Web page caption snippets
§

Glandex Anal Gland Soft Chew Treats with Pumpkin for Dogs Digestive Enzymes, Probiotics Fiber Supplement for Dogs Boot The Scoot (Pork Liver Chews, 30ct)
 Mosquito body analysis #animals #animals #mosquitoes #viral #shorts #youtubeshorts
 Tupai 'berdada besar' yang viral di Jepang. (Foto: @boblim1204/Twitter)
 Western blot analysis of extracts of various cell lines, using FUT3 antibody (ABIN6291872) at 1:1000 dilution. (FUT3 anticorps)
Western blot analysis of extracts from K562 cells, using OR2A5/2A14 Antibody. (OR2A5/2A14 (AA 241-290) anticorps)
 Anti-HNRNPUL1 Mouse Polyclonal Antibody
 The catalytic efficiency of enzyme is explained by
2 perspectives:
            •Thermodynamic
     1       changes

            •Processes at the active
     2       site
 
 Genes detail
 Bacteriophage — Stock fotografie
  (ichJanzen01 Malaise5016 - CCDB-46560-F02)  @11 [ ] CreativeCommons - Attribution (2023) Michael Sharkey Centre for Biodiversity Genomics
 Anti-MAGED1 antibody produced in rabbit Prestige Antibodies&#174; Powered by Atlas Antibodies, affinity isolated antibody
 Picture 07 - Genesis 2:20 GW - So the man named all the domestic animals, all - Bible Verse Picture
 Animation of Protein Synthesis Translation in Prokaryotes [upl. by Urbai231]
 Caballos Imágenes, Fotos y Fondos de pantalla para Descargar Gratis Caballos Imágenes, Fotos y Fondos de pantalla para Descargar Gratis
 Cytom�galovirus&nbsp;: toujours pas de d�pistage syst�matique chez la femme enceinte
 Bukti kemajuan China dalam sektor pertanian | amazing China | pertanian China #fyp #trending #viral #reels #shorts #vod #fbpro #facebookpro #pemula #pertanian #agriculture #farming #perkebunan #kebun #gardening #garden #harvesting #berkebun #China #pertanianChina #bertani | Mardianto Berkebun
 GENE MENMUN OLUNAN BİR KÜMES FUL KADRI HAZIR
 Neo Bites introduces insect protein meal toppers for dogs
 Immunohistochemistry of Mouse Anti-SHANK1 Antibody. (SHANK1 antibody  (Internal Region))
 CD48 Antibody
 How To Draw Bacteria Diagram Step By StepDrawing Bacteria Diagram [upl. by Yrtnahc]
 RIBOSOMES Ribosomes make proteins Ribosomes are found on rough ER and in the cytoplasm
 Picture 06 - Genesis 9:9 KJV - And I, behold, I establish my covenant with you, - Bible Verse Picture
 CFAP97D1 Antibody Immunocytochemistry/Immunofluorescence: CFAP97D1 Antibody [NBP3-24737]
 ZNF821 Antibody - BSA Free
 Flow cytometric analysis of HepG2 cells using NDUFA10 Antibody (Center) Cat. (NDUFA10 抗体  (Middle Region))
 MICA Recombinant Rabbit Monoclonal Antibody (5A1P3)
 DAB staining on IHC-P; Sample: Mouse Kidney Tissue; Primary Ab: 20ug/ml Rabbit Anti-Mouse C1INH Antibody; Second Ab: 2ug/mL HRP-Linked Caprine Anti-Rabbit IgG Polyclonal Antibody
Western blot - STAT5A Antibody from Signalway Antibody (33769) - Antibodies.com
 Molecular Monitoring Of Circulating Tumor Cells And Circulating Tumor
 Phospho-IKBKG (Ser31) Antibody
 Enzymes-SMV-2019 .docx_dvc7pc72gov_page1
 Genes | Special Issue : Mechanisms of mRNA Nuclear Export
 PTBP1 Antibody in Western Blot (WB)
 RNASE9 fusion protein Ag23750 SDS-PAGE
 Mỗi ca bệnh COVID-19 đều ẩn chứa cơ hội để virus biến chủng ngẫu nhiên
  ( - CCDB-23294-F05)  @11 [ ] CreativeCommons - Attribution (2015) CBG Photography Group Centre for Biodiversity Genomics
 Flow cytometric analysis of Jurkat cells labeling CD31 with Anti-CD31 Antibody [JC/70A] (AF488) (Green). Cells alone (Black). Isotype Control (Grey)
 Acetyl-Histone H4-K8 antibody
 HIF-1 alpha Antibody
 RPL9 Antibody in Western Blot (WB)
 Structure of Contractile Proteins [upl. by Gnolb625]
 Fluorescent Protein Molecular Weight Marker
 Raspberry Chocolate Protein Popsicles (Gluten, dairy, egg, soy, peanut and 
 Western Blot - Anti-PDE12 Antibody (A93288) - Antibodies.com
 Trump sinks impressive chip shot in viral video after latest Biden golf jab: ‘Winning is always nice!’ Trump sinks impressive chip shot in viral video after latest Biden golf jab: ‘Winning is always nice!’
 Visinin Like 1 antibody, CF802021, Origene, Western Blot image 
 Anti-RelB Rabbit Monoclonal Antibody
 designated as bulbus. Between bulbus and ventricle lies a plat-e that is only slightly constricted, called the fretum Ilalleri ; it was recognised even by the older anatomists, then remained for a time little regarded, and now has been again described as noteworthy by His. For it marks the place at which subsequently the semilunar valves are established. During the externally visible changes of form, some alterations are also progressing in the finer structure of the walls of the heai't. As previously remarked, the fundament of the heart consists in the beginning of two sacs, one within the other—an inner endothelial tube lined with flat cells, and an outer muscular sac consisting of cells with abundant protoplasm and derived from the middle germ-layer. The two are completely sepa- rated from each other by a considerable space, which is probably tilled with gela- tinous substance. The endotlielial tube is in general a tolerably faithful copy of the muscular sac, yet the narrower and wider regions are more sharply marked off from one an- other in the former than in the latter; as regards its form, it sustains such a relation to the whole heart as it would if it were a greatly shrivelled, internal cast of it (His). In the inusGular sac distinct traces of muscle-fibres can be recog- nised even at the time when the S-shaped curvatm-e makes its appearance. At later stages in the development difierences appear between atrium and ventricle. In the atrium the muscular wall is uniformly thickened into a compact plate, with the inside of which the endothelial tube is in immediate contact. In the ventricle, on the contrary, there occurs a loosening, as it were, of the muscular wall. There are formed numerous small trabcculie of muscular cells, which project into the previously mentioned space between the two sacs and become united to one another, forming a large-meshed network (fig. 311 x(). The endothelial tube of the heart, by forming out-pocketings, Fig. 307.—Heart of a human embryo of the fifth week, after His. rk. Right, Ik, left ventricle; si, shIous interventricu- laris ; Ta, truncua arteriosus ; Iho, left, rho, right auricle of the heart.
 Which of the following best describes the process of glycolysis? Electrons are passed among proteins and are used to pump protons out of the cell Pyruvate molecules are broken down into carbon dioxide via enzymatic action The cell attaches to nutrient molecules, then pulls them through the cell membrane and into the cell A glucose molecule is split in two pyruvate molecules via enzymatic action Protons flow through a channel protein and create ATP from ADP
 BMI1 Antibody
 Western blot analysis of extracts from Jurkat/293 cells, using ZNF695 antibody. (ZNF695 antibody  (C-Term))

§

YOUR INSTRUCTIONS:
Of all the entries above, output exactly the lines between the one holding "Tupai 'berdada besar'" and the one holding "Cytom�galovirus&nbsp;: toujours pas", inclusive.

YOUR SOLUTION:
 Tupai 'berdada besar' yang viral di Jepang. (Foto: @boblim1204/Twitter)
 Western blot analysis of extracts of various cell lines, using FUT3 antibody (ABIN6291872) at 1:1000 dilution. (FUT3 anticorps)
Western blot analysis of extracts from K562 cells, using OR2A5/2A14 Antibody. (OR2A5/2A14 (AA 241-290) anticorps)
 Anti-HNRNPUL1 Mouse Polyclonal Antibody
 The catalytic efficiency of enzyme is explained by
2 perspectives:
            •Thermodynamic
     1       changes

            •Processes at the active
     2       site
 
 Genes detail
 Bacteriophage — Stock fotografie
  (ichJanzen01 Malaise5016 - CCDB-46560-F02)  @11 [ ] CreativeCommons - Attribution (2023) Michael Sharkey Centre for Biodiversity Genomics
 Anti-MAGED1 antibody produced in rabbit Prestige Antibodies&#174; Powered by Atlas Antibodies, affinity isolated antibody
 Picture 07 - Genesis 2:20 GW - So the man named all the domestic animals, all - Bible Verse Picture
 Animation of Protein Synthesis Translation in Prokaryotes [upl. by Urbai231]
 Caballos Imágenes, Fotos y Fondos de pantalla para Descargar Gratis Caballos Imágenes, Fotos y Fondos de pantalla para Descargar Gratis
 Cytom�galovirus&nbsp;: toujours pas de d�pistage syst�matique chez la femme enceinte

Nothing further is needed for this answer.